INPUT DATA:
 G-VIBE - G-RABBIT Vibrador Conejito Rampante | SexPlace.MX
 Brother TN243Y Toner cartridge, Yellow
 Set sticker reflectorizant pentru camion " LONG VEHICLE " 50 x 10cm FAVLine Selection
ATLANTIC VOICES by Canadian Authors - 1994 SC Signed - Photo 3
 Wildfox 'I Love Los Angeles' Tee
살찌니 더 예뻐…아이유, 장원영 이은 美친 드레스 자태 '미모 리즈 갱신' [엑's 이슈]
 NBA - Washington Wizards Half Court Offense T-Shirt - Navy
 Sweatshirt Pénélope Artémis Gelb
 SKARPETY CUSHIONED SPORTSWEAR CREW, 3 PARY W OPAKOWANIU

...

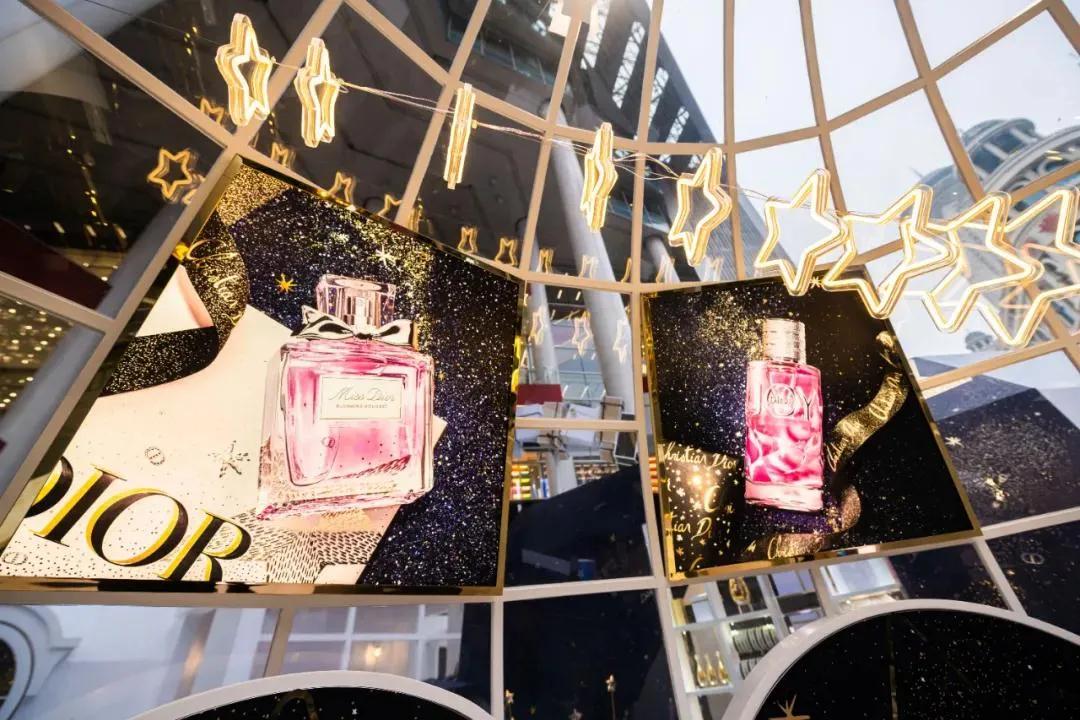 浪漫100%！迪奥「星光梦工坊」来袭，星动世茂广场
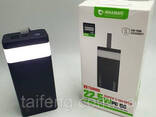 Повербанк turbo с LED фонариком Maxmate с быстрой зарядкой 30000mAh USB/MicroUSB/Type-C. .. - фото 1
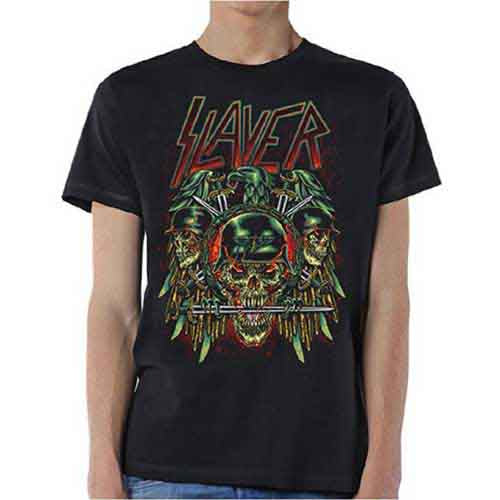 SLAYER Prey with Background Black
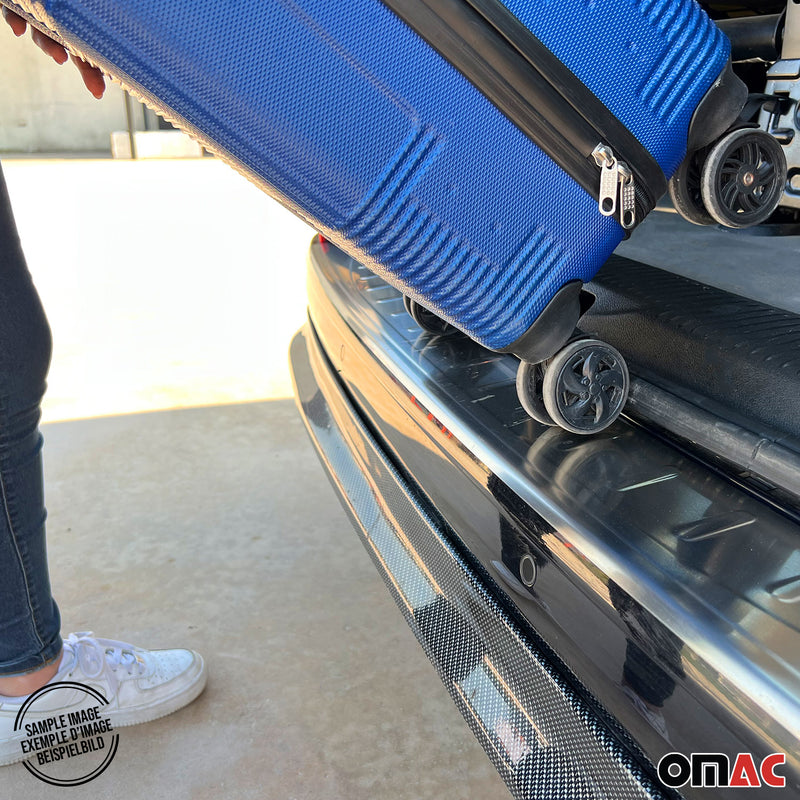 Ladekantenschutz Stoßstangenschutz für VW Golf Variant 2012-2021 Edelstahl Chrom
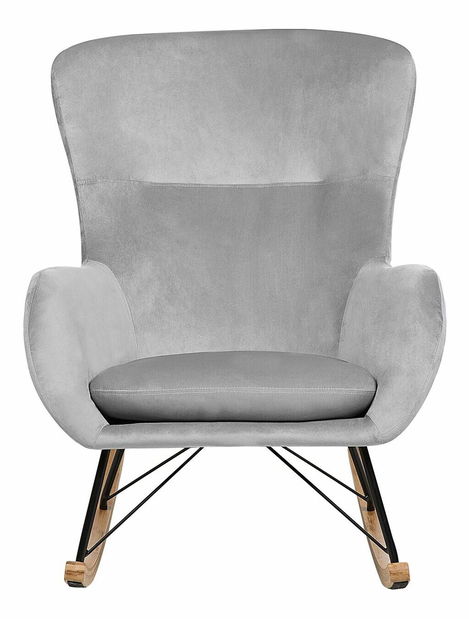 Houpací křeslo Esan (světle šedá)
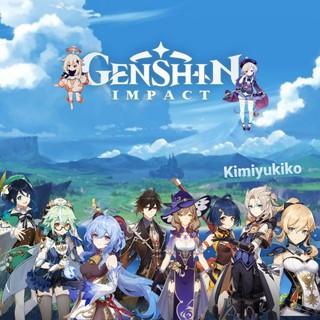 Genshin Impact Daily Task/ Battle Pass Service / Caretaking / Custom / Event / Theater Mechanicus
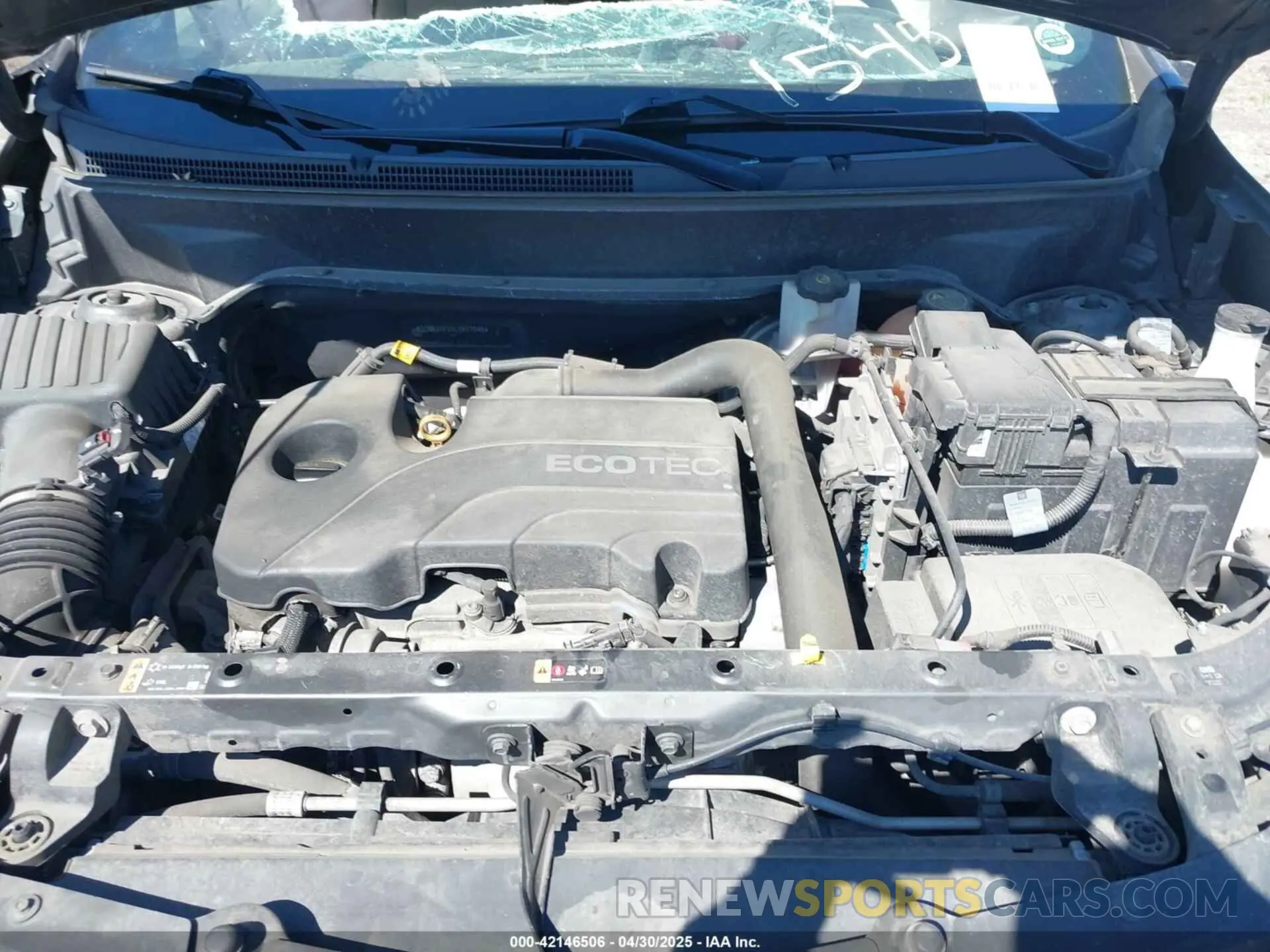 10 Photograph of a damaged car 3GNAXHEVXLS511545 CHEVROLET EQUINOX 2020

* * *

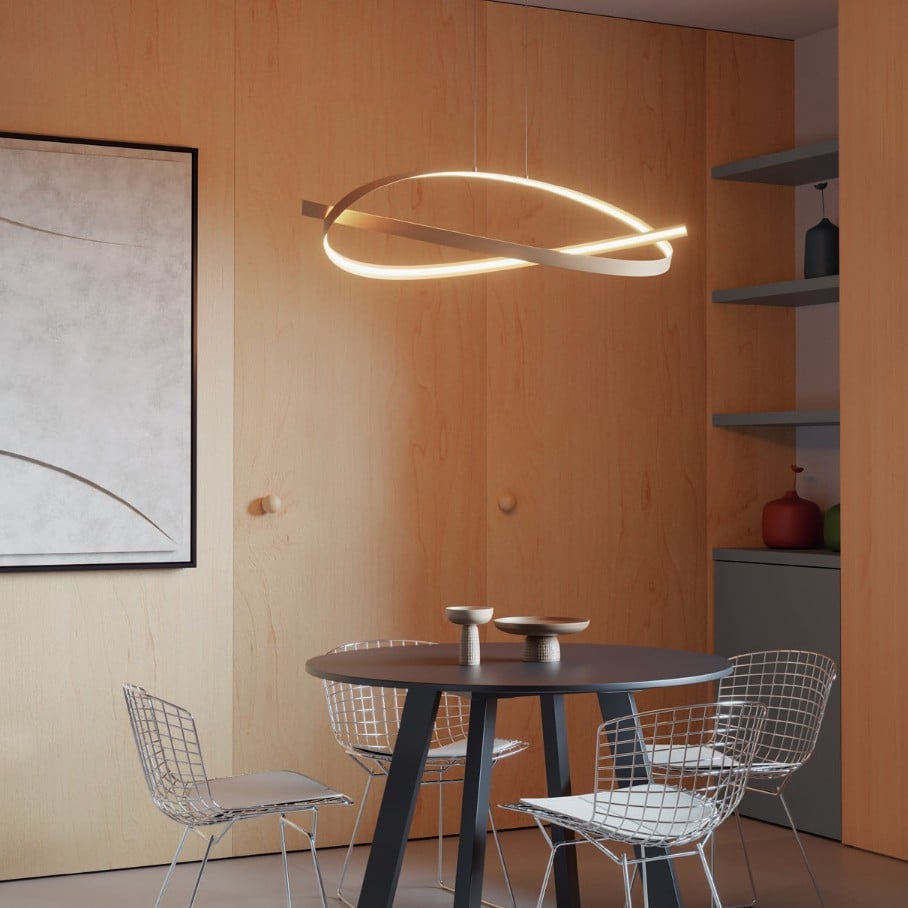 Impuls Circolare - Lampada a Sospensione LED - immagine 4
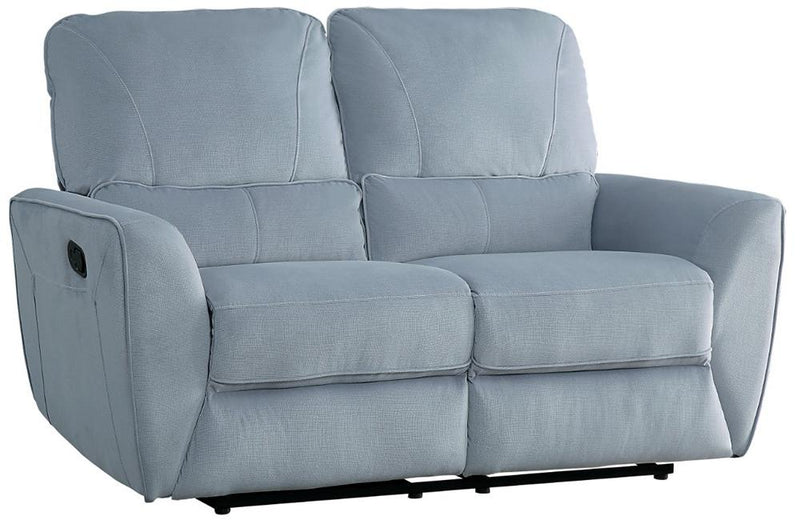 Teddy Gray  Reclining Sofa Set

WORK TASK:
From the material above, retype precisely the lines between the line holding "NBA - Washington" and the line holding "SKARPETY CUSHIONED SPORTSWEAR", inclusive, and nothing beyond them.

PROBLEM SOLUTION:
 NBA - Washington Wizards Half Court Offense T-Shirt - Navy
 Sweatshirt Pénélope Artémis Gelb
 SKARPETY CUSHIONED SPORTSWEAR CREW, 3 PARY W OPAKOWANIU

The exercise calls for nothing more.